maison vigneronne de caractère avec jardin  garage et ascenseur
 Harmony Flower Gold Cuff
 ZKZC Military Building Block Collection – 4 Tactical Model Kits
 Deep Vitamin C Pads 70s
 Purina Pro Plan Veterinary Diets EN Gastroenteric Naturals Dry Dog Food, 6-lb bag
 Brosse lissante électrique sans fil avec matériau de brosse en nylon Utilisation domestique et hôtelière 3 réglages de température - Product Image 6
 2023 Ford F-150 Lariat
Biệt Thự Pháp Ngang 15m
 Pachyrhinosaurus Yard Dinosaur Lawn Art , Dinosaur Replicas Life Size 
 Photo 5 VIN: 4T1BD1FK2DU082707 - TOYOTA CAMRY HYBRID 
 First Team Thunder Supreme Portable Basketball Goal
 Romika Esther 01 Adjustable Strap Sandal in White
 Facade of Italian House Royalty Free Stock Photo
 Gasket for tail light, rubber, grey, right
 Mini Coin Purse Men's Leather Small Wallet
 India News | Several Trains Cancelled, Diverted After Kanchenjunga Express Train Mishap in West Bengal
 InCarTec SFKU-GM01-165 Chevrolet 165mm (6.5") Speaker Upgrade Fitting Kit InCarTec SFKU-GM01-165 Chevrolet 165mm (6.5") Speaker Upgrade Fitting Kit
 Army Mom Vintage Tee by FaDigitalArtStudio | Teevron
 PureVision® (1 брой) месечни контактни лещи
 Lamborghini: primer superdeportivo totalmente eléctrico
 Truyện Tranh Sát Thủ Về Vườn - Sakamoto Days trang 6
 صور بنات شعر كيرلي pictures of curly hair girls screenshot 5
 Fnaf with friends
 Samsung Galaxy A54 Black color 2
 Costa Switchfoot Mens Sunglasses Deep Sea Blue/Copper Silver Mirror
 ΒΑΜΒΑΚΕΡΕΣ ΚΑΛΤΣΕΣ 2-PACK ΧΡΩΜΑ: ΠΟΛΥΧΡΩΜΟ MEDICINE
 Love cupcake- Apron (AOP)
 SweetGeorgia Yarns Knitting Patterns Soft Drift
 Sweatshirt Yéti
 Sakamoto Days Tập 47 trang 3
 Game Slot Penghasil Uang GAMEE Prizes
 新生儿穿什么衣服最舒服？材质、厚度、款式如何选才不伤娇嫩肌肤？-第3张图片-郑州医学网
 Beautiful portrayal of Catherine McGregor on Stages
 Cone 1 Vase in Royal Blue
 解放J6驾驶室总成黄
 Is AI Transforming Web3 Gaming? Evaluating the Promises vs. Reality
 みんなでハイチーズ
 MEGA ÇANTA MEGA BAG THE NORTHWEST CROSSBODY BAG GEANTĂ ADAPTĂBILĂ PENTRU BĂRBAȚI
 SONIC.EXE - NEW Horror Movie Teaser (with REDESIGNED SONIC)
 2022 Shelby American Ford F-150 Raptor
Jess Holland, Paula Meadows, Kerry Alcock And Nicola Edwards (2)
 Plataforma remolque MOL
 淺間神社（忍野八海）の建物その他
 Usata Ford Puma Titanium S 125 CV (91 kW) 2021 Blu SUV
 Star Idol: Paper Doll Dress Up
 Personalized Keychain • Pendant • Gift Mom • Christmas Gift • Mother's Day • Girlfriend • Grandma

What you need to do: Say how many lines in the data above contain the string "Photo", and give no other output.

Finished exercise: 2